Comme déjà beaucoup d’autres et comme il en viendra sûrement encore, ce post est plus une transcription de réflexions (d’une personne trop introvertie pour en parler en face d’une autre) qu’un réel article construit et constructif.

J’ai toujours été timide. Avec mon recul actuel, je pense que c’est en grande partie dû à une peur de décevoir. Pourquoi ? Ça c’est une bonne question.

Et comme il est souvent plus facile de mentir que d’expliquer, ponctuellement je lance un nouveau mensonge. Sur le coup sans penser aux conséquences. Juste parce que c’est la solution, la plus simple. Alors jusque-là vous allez me dire tous le monde à déjà menti au moins une fois dans sa vie qu’elle est le problème ?

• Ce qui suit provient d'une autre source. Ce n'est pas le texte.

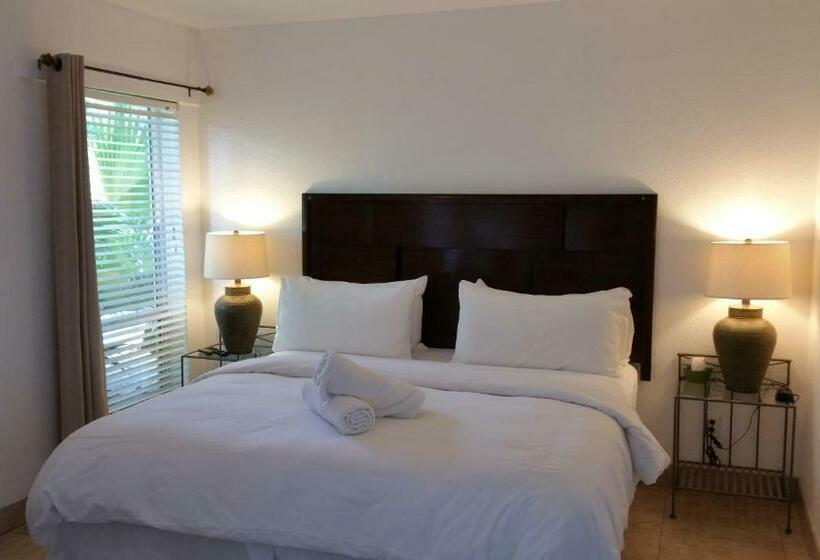 Habitació Estàndard Llit King, The Cabanas Guesthouse & Spa   Gay Resort Catering To Gay Men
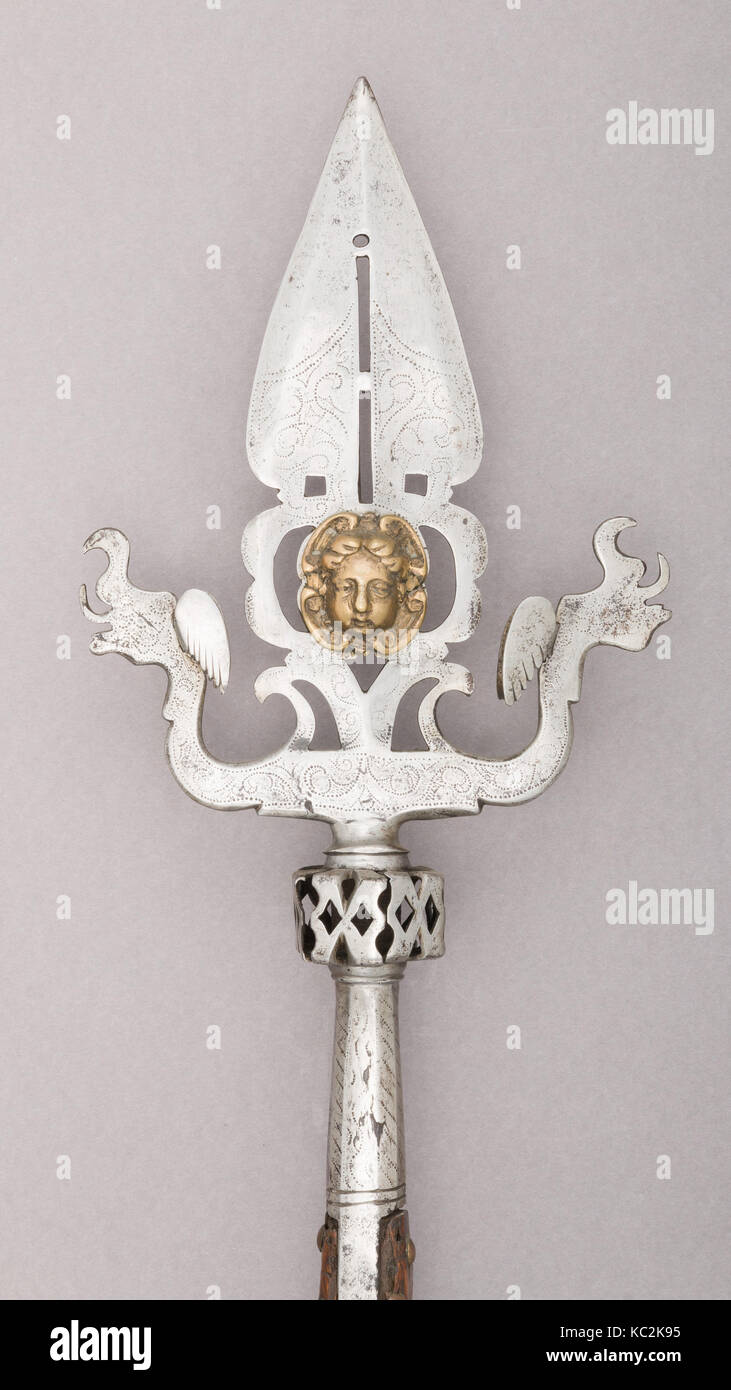 Linstock, secolo XVII, Italiano, acciaio, bronzo, ottone, legno (ceneri), L. 85 1/2 in. (217,2 cm); L. di testa 12 3/4 in. (32,4 cm); W Foto Stock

Le problème est qu’une des choses est sûrement la plus dure à avouer: c’est un mensonge. Résultat, j’en rajoute une couche et bien sur avec des personnes différentes. Et vu qu’une seule version ne suffit pas à contenter tout le monde, les choses se compliquent très vite.

Bon de temps à autre, j’arrive à prendre du recul là-dessus pour lister mes mensonges «en cours». Enfin ceux qu’on n’a pas oublié et qui peuvent ressortir à droite et à gauche. À partir de là, il faut s’en débarrasser alors oui vous allez encore me dire que le plus simple c’est d’être honnête. Déjà c’est faux et ensuite c’est pas parce que je vois le choses à tête reposée, que je suis devenu un super héros.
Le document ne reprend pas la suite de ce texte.